EAST PALO ALTO (KPIX) -- The stories came from just about everyone: community members, local leaders, even law enforcement officers. This was a listening session, the subject was race and here to listen was Salvatore Cordileone, Archbishop of San Francisco.
"It dawned on me when I saw my cousin getting beat with a long black-handled flashlight by an LA County deputy sheriff," said Derek Gaskins, recounting a story from his childhood.
"I've kind of been through this before where there was a lot of hope because we were starting discussions," said another speaker. "But then it sort of died out."
"It's like, throughout my whole life it's been a march," said Halley Crumb. "It's been a wrongful death. It's been someone getting shot.
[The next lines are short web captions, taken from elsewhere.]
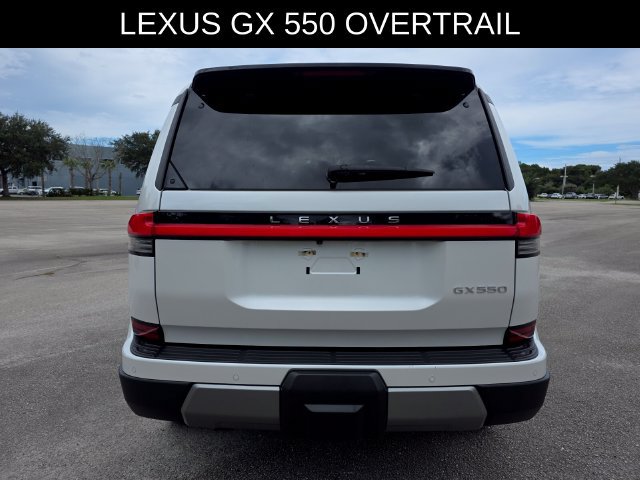 Used 2024 Lexus GX 550 AWD/4WD image 4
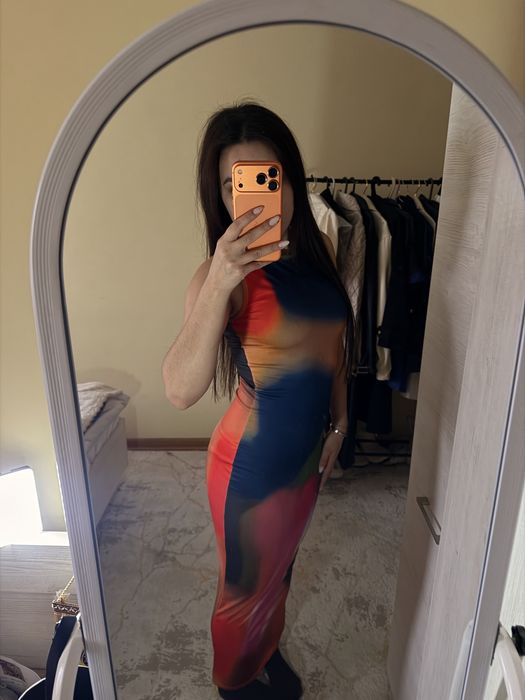 продам платье длинное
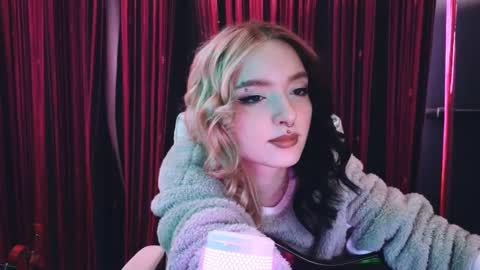 Avriel online show from March 11, 2:32 am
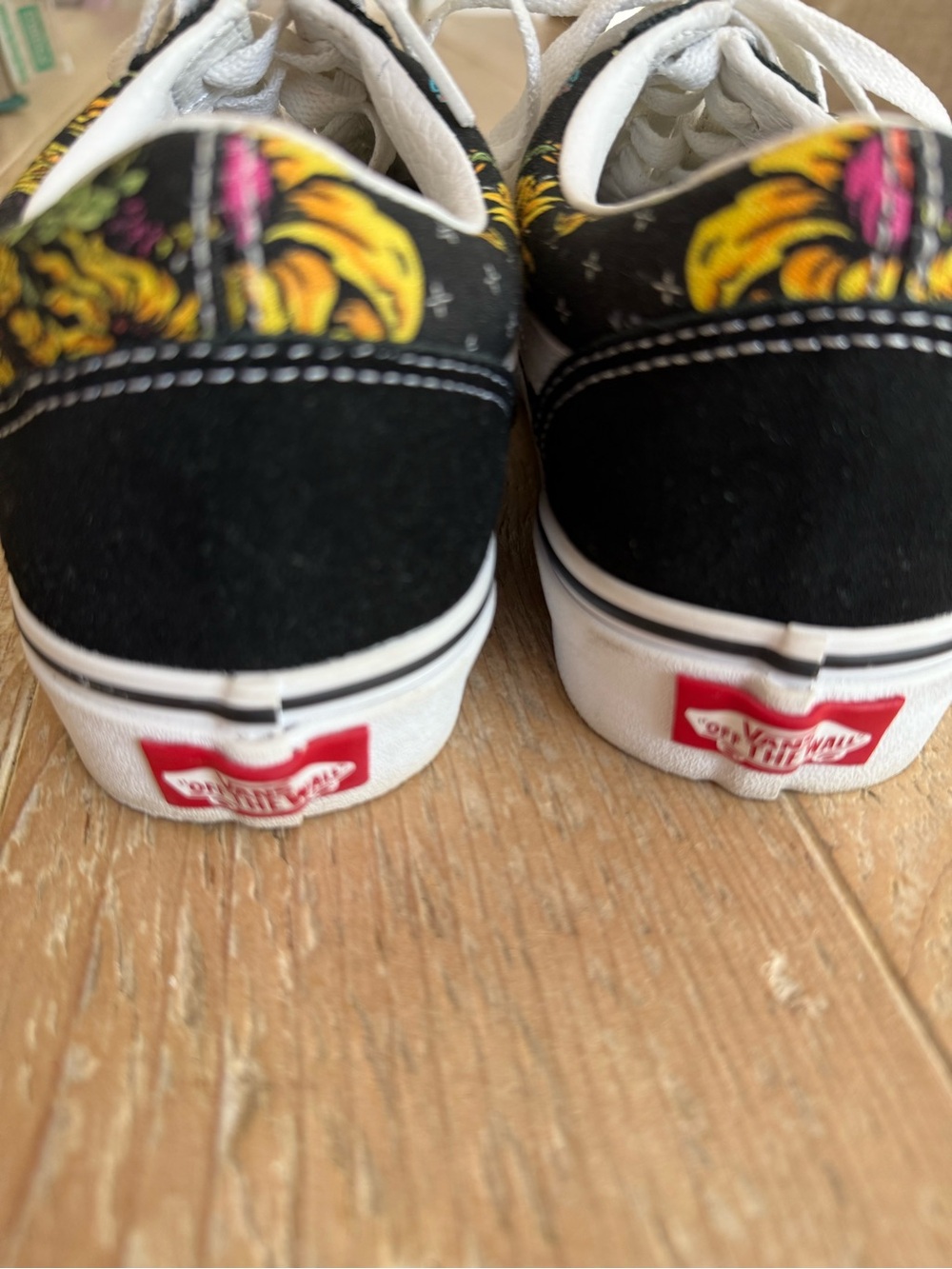 Unisex Vans Old Skool Skull Floral Sneakers M 6.5 W 8 - Picture 7 of 9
I feel that right now, through 2020, we're getting ... a bigger light and the light is shining on what's been wrong."
After nearly two hours of listening, the archbishop spoke.
"I don't know what that's like, growing up in an inner-city neighborhood and being shot at and running away and seeing my friend next to me falling," said Archbishop Cordileone. "I don't know what it's like growing up as a child in an inner-city neighborhood and the fear and sense of resentment upon seeing the police."
Cordileone said he has spent recent months studying and reflecting on these issues and he prefaced his next comments by describing them as a work in progress, warning that they might make some in the crowd uncomfortable.
"Systemic racism, in my own mind, are cultural attitudes that get so ingrained that it blinds people in the group that have the advantage to the injustices they inflict on those who do not have that advantage," Cordileone said.
From there, he broadened the discussion to issues of family and directly mentioned abortion.
"It's hard to say but it needs to be said," Cordileone said. "I think about how Planned Parenthood targets black communities."
Saturday's event was part of a larger outreach effort by the church on these issues. Christoper Major is coordinator of the African American Ministry.
"My father was the first code enforcer in East Palo Alto," Major explained. "He went away from us last year so, to be standing here as a son, to continue this work -- I'm bringing people together in unity -- is a blessing."